Şimdiden, Endonezya'dan konuşma yaptığım için, arkadaşlarıma rica ediyorum: Türkiye'deki kardeşlerimizden bir heyet Endonezya ile ilgilenmeye başlasın. Endonezya ile ilgili bilgileri toplasınlar, bir güzel dosya haline, kalın bir kitap haline getirsinler. Kendi aralarında 'Endonezya'yı tanıma ve Endonezya ile Dostluk Derneği' diye bir dernek kursunlar. Çünkü uzak diye düşünülecek bir devirde değiliz, yirmibirinci yüzyıla giriyoruz. Uzakdoğu, Güneydoğu Asya, Doğu Asya, Japonya, Kore, Singapur, Malezya, Endonezya önemli gelişmeler gösteriyorlar. Bizim için bu gelişmeleri takip etmek faydalı olabilir. Bir; arkadaşlarımdan Endonezya Türkiye Dostluk Derneğini öncelikle onların kurmasını istiyorum. Çünkü bir şeyi önce yapmanın fazileti, sevabı, ecri fazla olur. Arkadan gelenlerin sevapları o ilk atılımı yapanlara verilir. Bu hususta teklifimi yapıyorum.

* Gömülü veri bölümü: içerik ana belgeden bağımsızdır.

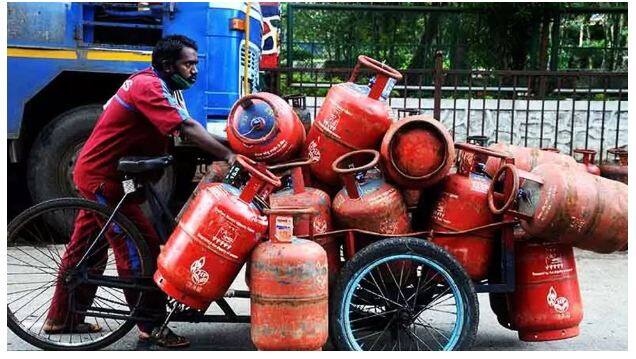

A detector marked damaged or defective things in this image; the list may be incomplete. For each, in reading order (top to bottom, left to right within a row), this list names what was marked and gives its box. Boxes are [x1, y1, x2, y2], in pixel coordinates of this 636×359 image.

rusty cylinder [380, 115, 454, 190]
rusty cylinder [490, 163, 628, 253]
rusty cylinder [248, 208, 328, 352]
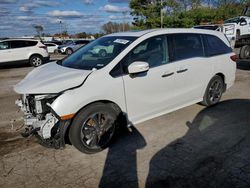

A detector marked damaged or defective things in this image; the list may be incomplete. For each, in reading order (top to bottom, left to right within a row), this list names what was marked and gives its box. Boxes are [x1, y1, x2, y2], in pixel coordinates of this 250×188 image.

crumpled hood [13, 61, 92, 94]
front bumper damage [15, 94, 70, 148]
damaged front end [15, 94, 70, 149]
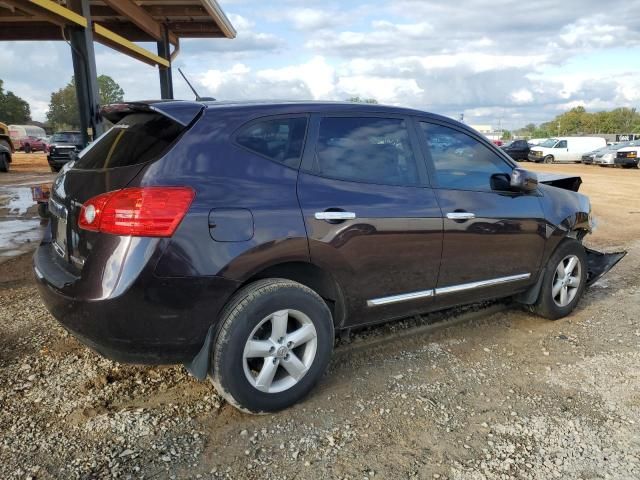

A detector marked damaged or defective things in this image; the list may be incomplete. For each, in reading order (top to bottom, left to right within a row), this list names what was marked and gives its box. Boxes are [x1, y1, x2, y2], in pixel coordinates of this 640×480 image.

broken front bumper [584, 248, 624, 284]
damaged front fender [588, 248, 628, 284]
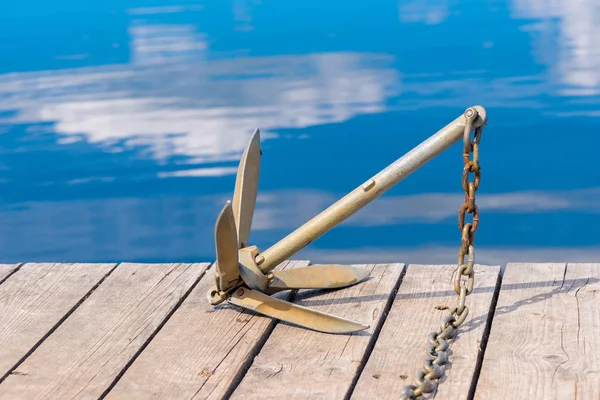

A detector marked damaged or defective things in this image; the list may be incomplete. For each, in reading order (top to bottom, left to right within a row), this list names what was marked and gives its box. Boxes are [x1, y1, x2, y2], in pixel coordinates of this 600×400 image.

rusty chain [400, 107, 486, 400]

Endonezya çok büyük bir hızla kalkınıyor. Nüfusu da 1997 sayımlarında 200 milyon. Dünyanın en kalabalık müslüman ülkesi oluyor. Hızla kalkınınca da inşaallah güzel şeyler olacak.

Bu Cakarta'ya havadan inerken, uçak ilk önce sular basmış olan pirinç tarlalarının üzerinden alçalıyor. Baktık, ağaç bile yok. Her taraf sel basmış; tarlalar, yani pirinç ekimi yapılan yerler... O zaman biraz içimiz burkuldu. Demek ki bu İslâm ülkesi de böyle tatsız tuzsuz bir yer galiba, çöl gibi yer derken şehre yaklaşınca yeşillikler başladı. Bugün de biraz şehrin bazı yerlerini gezdik, gördük, biraz daha yakından tanımaya çalıştık.

Benimki dinî konuşma yanı sıra biraz da seyyah konuşması gibi, Evliya Çelebi Seyahatnamesi gibi oluyor ama bunun da fayda sağladığını, dinî faydalar da sağladığını düşünüyorum.

Çok önemli bir konumu var. Yeryüzü coğrafyasında Endonezya'nın önemi var. 13.500 adadan müteşekkil bir adalar ülkesi, en büyükleri Borneo, Sumatra, Cava adaları olmak üzere… Onaltıncı yüzyıldan beri duyulan ve bilinen Cava müslümanları, iyi müslümanlar... Bugün konuştuğum kimseler de halkın köylerde, şehirlerde Müslümanlığa bağlı olduğunu söylediler. En küçük yerlerde bile büyük camiler olduğunu söylediler.

Bugün gezdiğimiz bir Cebel mıntıkası var. Yani şehirden 30-40 km uzakta dağlık bir mıntıka, bayağı yüksek bir yer. Ama yeşillikler arasında, çay ziraati yapılıyor. Bizim Karadeniz'i, Trabzon'u andırıyor. Güzel villalar var.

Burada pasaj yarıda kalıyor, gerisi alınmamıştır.